§ **TRY IT**: Transcribe the records below in their entirety, and leave out each image.

Image-text web data
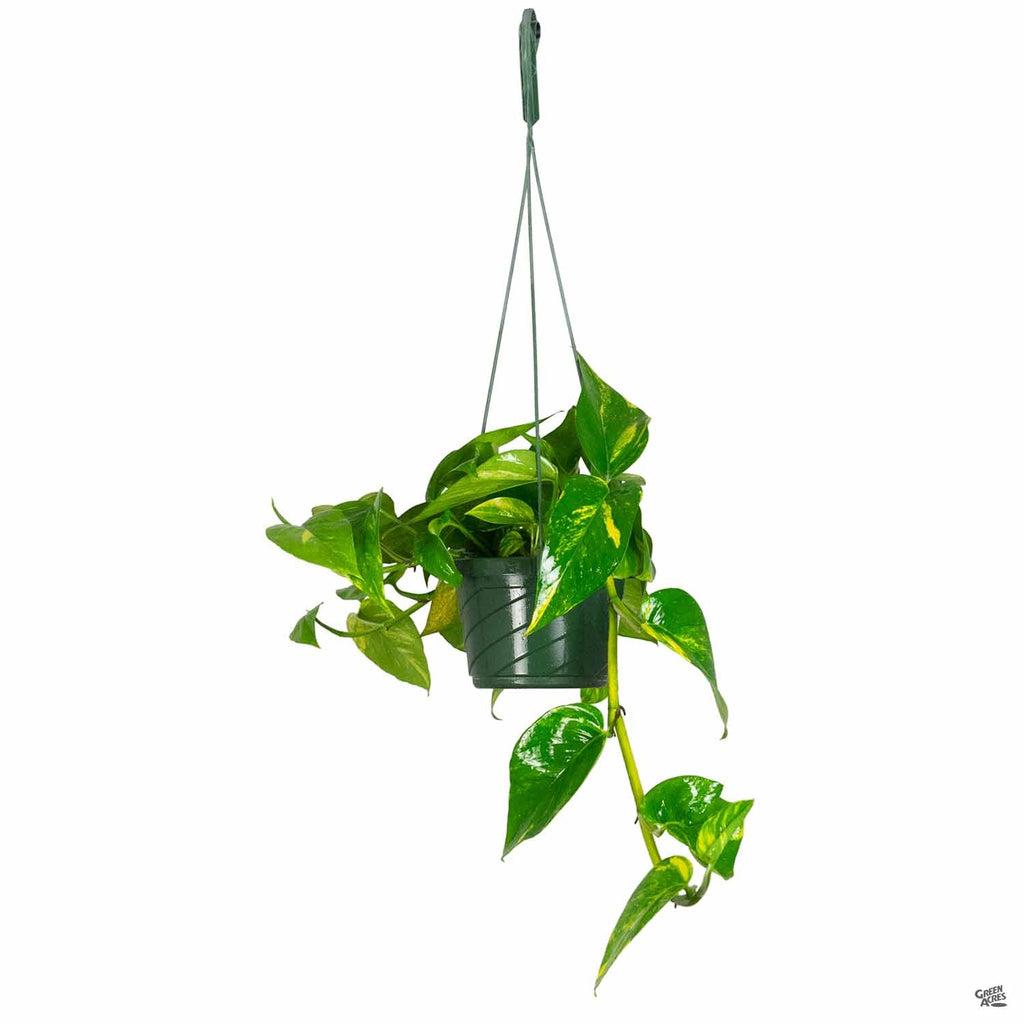 buy golden pothos plant Golden Pothos — Green Acres Nursery & Supply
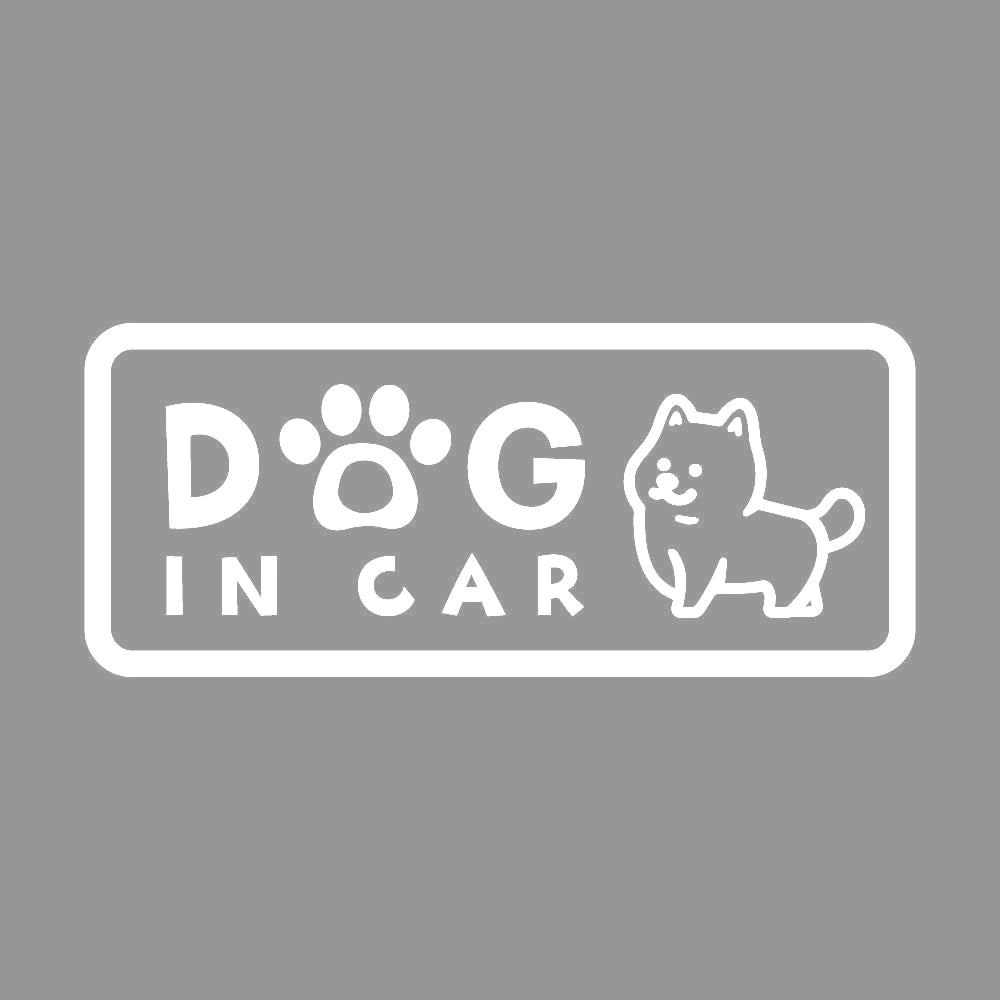 DOG IN CAR (A)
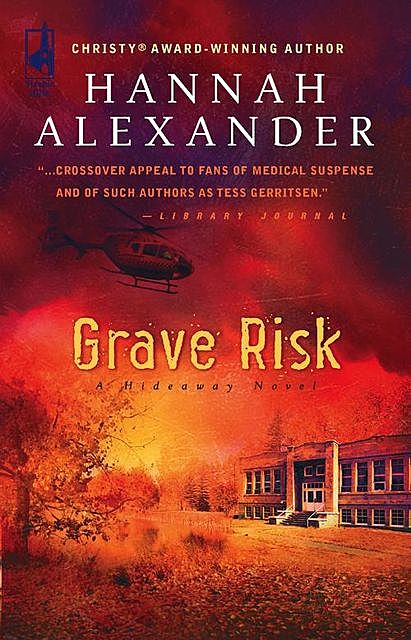 Grave Risk, Hannah Alexander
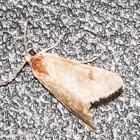 Moth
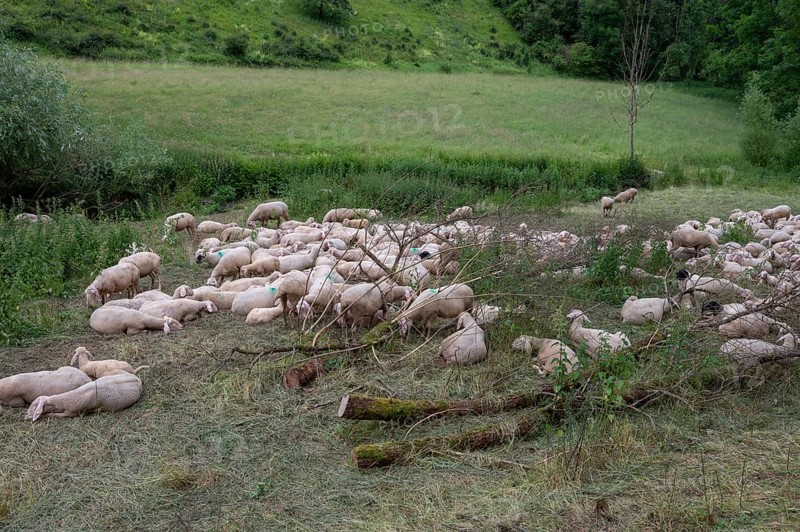 Resting, freshly shorn sheep in a nature reserve in Franconian Switzerland, Bavaria, Germany, Europe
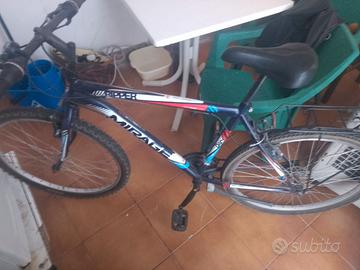 Mountain bike con portapacchi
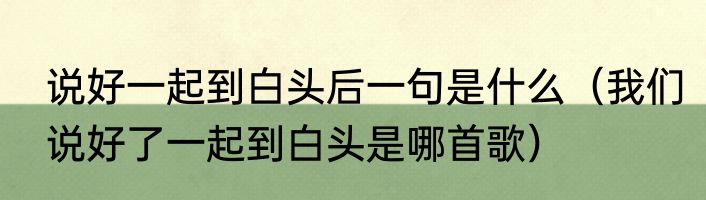 说好一起到白头后一句是什么（我们说好了一起到白头是哪首歌）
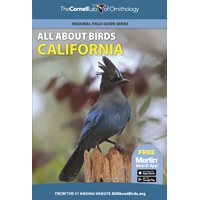 All About Birds California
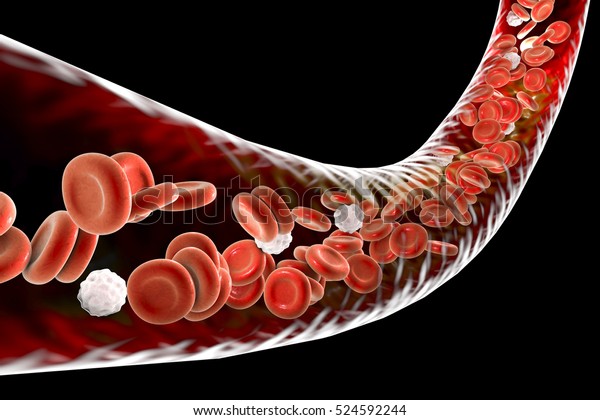 血球が流れる血管 3dイラスト のイラスト素材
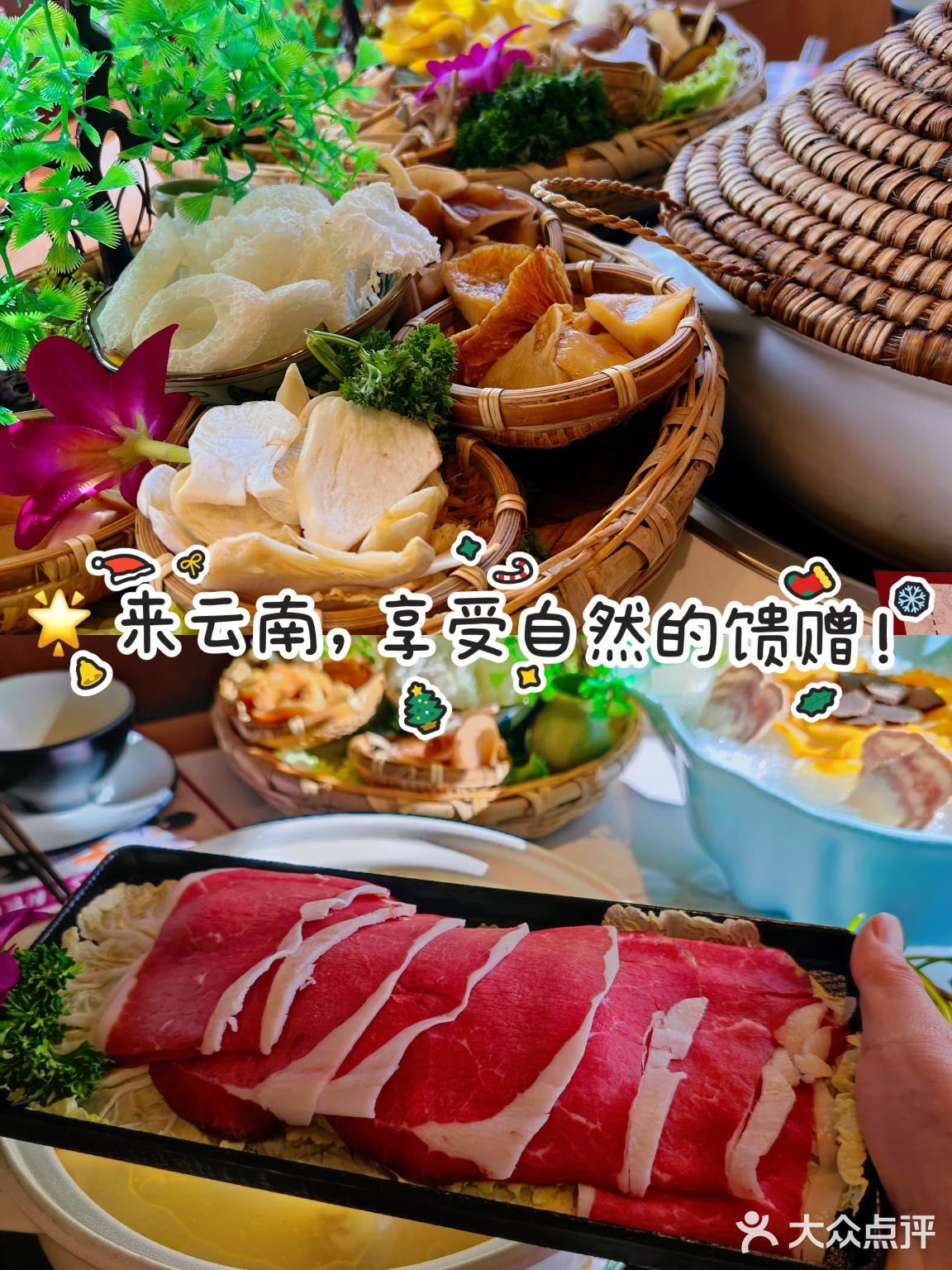 🌟 来云南，享受自然的馈赠！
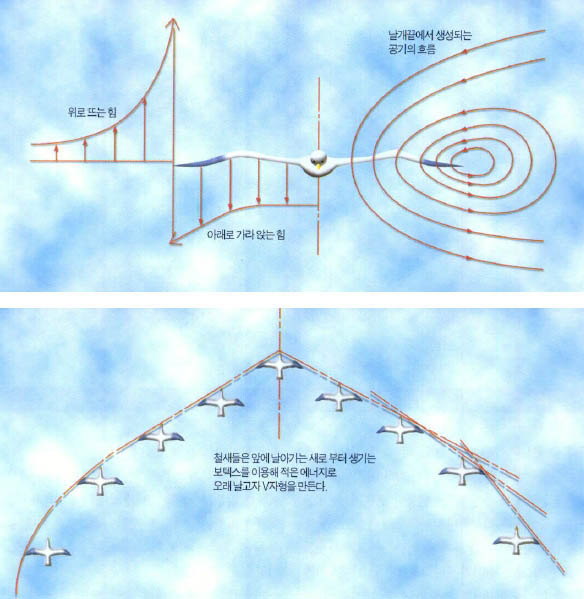 (그림5)새의 날개에 의해 생기는 보텍스^새의 날개 바깥쪽에는 상승기류가 안쪽에는 하강기류가 형성된다.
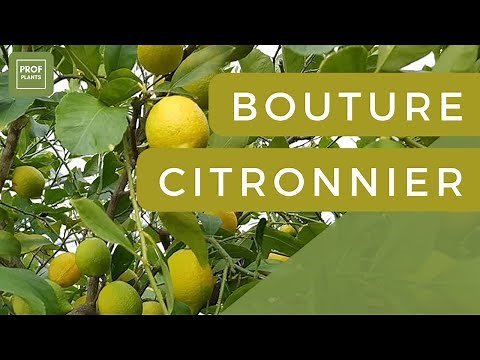 COMMENT FAIRE DES BOUTURES DE CITRONNIER ?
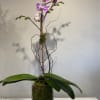 Potted orchid arrangement with purple blooms in a square glass vase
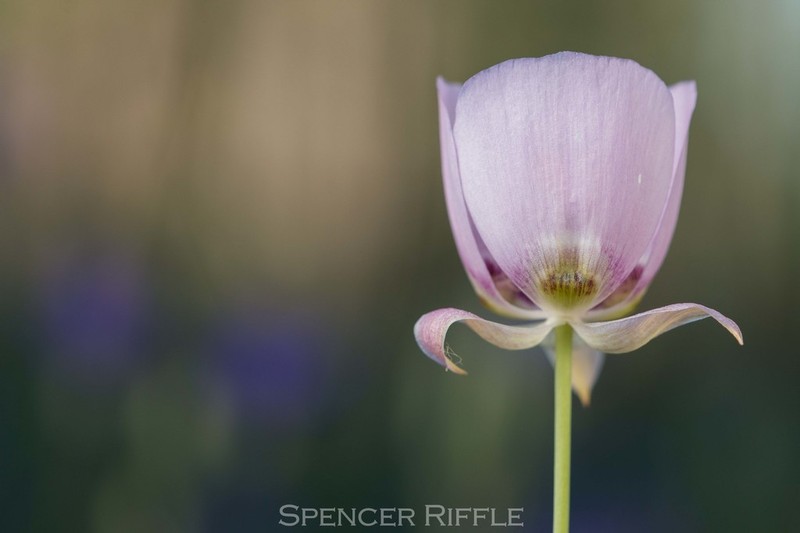 Longbeard Mariposa Lily photo 5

§ **TASK ANSWER**:
 buy golden pothos plant Golden Pothos — Green Acres Nursery & Supply
 DOG IN CAR (A)
 Grave Risk, Hannah Alexander
 Moth
 Resting, freshly shorn sheep in a nature reserve in Franconian Switzerland, Bavaria, Germany, Europe
 Mountain bike con portapacchi
 说好一起到白头后一句是什么（我们说好了一起到白头是哪首歌）
 All About Birds California
 血球が流れる血管 3dイラスト のイラスト素材
 🌟 来云南，享受自然的馈赠！
 (그림5)새의 날개에 의해 생기는 보텍스^새의 날개 바깥쪽에는 상승기류가 안쪽에는 하강기류가 형성된다.
 COMMENT FAIRE DES BOUTURES DE CITRONNIER ?
 Potted orchid arrangement with purple blooms in a square glass vase
 Longbeard Mariposa Lily photo 5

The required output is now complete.